Let’s explore one metaphor that is the basis for excluding women from the priesthood: Jesus as bridegroom, and the church is his bride, a “spotless and unwrinkled one,” at that. While scripture lists any number of metaphors for God, including a mother hen, a rock and a fortress, John Paul II  insists that “spousal love” is the pre-eminent symbol of God’s love, something neither he, nor most of the Catholic clergy, have ever experienced. The late pontiff and his followers have chosen to reduce the everlasting, munificent love of God to a finite and historically problematic human relationship. This imagery rests securely upon the fallacy that God is a man, and that spousal love can only exist between a man and a woman.

The insistence upon divine maleness and the bridegroom imagery leads to all sorts of silly assumptions and assertions, including the assertion that in order to understand the metaphor the priest must be male. According to Hans Urs von Balthasar, the late Vatican theologian, “The male body is male throughout, down to each cell of which it consists, and the female body is utterly female, and this is true of their whole empirical experience and ego consciousness.”

So, this utterly male Son goes on to “marry” the Church, the spotless, virginal bride during the sacrifice of the Mass. Von Balthasar then wanders off into soft porn while writing: “… the Eucharist is, at a higher level, an endless act of fruitful outpouring of his [the priest’s] whole flesh such as a man can only achieve for a moment with a limited organ of his body. The priestly ministry and sacrament are a passing on of seed. They are a male preserve. They aim at inducing in the bride her function as a woman.” Von Balthasar forgot that the spotless and unwrinkled bride, the Church, is male as well as female.

John Paul II injects sex right into the heart of the Eucharist. In his torturous encyclical Mulieres Dignitatem, the late pope explains that the paschal mystery reveals not a person who sacrificed his life for his friends, but rather a groom who prepares to unite his body with the church by laying upon the altar as a sacrifice to his bride, a rather ghoulish understanding of love, sex, and marriage. This is more akin to a kiss from a spider woman than a testimony to salvation and redemption. 

This warped understanding of married love continues, among numerous other places, in his letter, The Collaboration of Men and Women in the Church and the World: “The messianic wedding took place on the cross when the blood/wine of the New Covenant poured forth from the side of the Crucified Christ.”  It is not surprising, he wrote, “that this context lends itself to the understanding that Christ is, indeed, the bridegroom.”
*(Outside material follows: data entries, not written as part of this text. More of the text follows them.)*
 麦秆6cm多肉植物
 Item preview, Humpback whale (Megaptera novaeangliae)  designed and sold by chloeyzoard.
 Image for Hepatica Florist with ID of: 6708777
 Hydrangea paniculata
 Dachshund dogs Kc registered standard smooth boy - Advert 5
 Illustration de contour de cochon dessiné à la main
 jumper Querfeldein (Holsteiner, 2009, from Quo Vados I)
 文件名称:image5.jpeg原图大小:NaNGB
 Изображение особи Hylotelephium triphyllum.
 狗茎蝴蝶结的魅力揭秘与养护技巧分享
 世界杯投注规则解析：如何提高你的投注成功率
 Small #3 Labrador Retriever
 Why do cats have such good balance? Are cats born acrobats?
The use of imagery, poetry, and metaphor is probably the only way to describe an entity that lies far beyond human understanding. Jesus is called many things in scripture: Messiah; King of the Jews; Savior of the world; the Human One; the Resurrection and the Life; the Way, the Truth, and the Life; and yes, a bridegroom.  All words necessarily fall short when describing the Divine. The first set of titles led to the foundational creedal statements of the Christian church. The term bridegroom is, by comparison, but a pretty picture, a theological fancy, and an attempt to limit the expressions of God’s love.
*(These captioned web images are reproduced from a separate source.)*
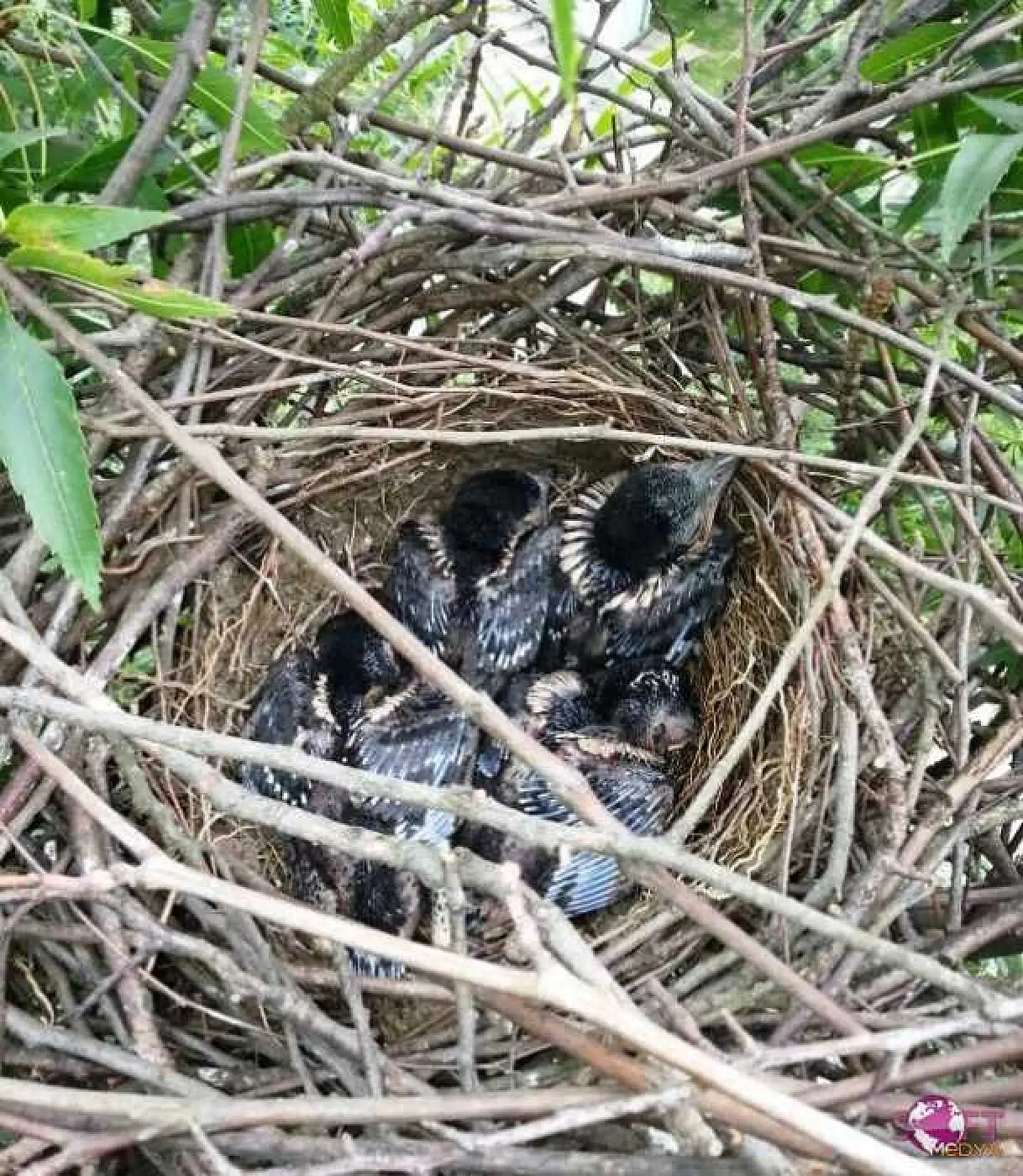 Ağaçkakan Yavruları Yuvalarından Düştü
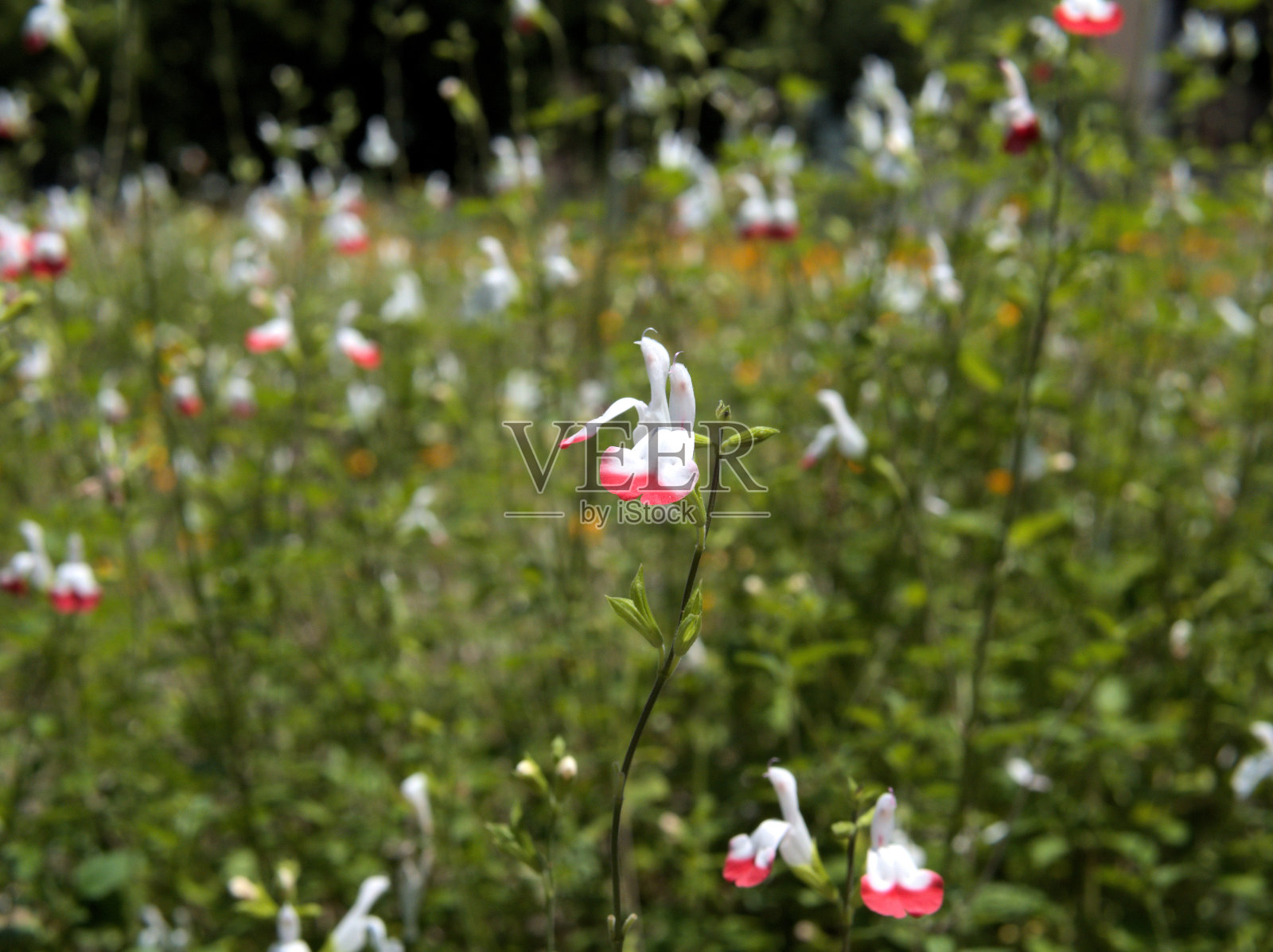 萨尔维亚微植物照片摄影图片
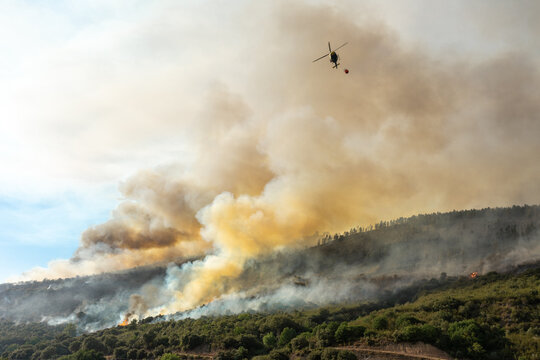 Helic&oacute;ptero de bomberos en acci&oacute;n apagando un incendio en la monta&ntilde;a, en Leon. Espa&ntilde;a.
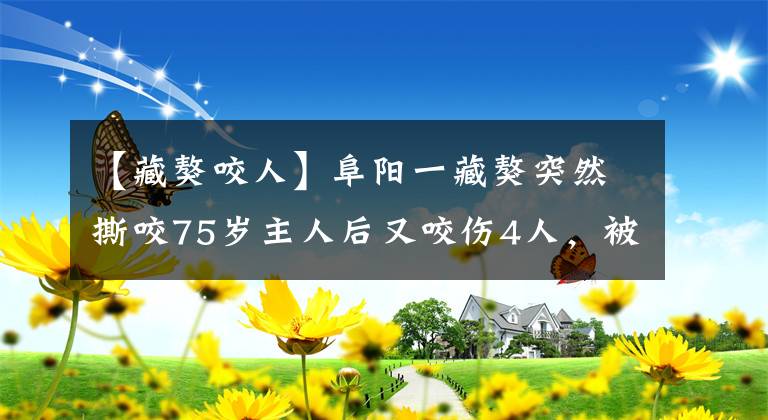 【藏獒咬人】阜阳一藏獒突然撕咬75岁主人后又咬伤4人，被击毙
It is time to reject the ridiculous and ruinous ruminations of celibate men who fixate upon male body parts and imagine Jesus as a bridegroom who consummates his marriage with his spotless bride during Mass. Jesus’ love for the world was so great that he was willing to lay down his life for his friends. This is the kind of love we remember and celebrate at Mass. Nothing about that love requires one specific gender. 

3 Responses

  1. Great article thank you so much for it.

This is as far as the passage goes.